Christina Milletti, associate professor of English
University at Buffalo

BUFFALO, N.Y. – The Exhibit X Fiction Series sponsored by the University at Buffalo Department of English will present a free public reading of “I’d Like,” the first translated work by award-winning Greek novelist and short story writer Amanda Michalopoulou at 7 p.m. on April 10 at Hallwalls Cinema, 341 Delaware Ave. There is free parking on site.

Michalopoulou is the author of six novels, three short story collections, and a successful series of children’s books. One of Greece’s leading contemporary writers, she has won the country’s highest literary awards, including the Revmata Prize, the Diavazo Award and the Prize of Athens Academy, and has been nominated to and won several U.S.-based awards as well.

“I’d Like” was nominated for the Best Translated Book Award (a BTBA) and won the International Literature Prize from the National Endowment for the Arts.
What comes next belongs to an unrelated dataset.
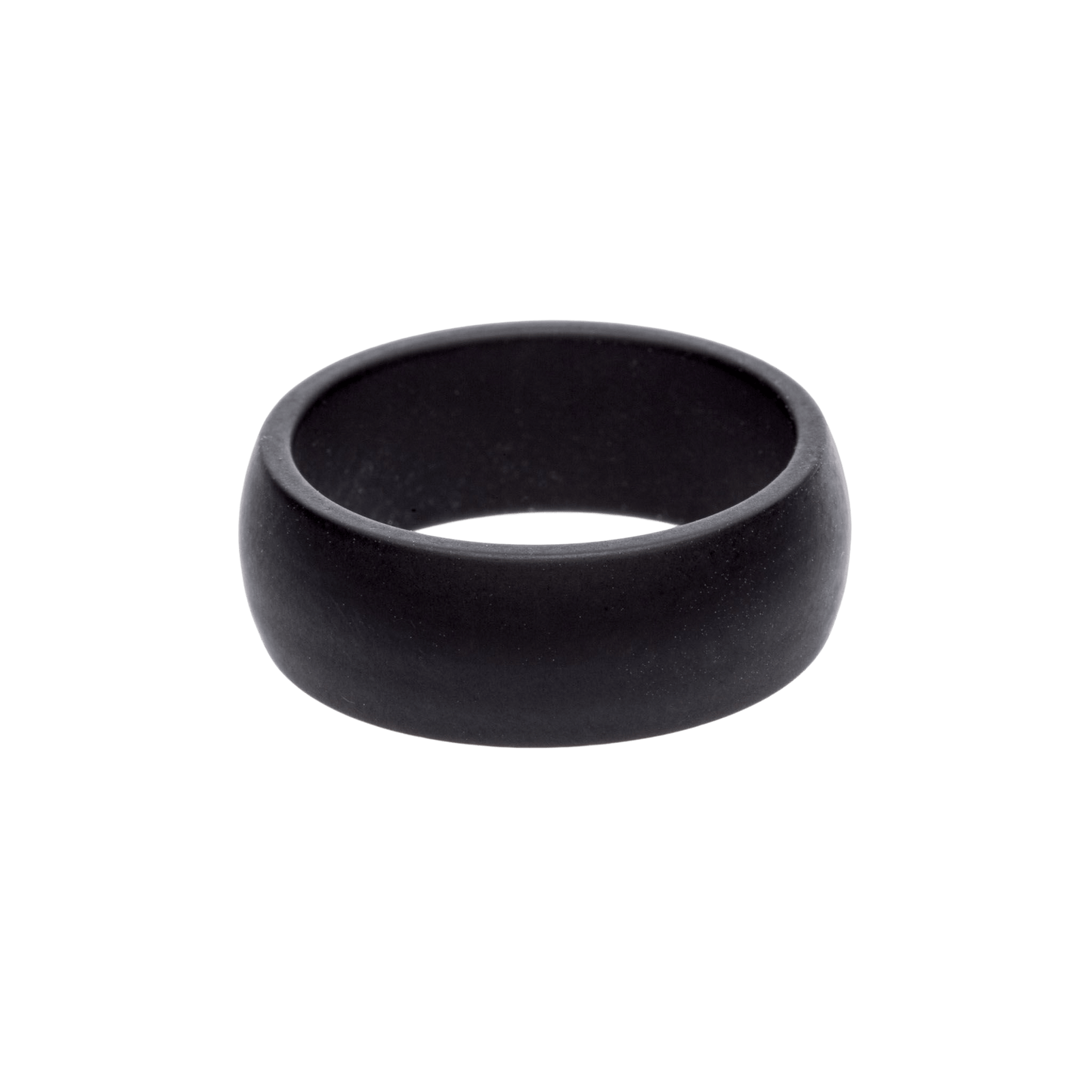 Chunky Sort Dame Silikonering - NewRing - Silikonering i farverne: sort ring, hvid ring, lyserød ring, blå ring, grå ring i typerne: blød ring, herre ring, dame ring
It has been described by writer George Fragopoulos as a “metafictional work reminiscent of Calvino and Borges.”

“In all of Michalopoulou’s work, we are presented with a constellation of unusual stories, characterized as much by lyrical and hypnotic prose as by their movement between languages, peoples and places,” says Christina Milletti, associate professor of English at UB and the director of the Exhibit X series.

Because of her unerring cosmopolitanism, she says it’s no surprise that Michalopoulou has been described as “one of Greece's most innovative young story tellers.”

The Exhibit X Fiction Series invites an international guest to amplify their impressive roster of American writers. In 2012-13, the visitors were Lawrence Norfolk and Tom McCarthy, who shortly after his reading in Buffalo won Yale’s Windham-Campbell Literature Prize, which carries an award of $150,000.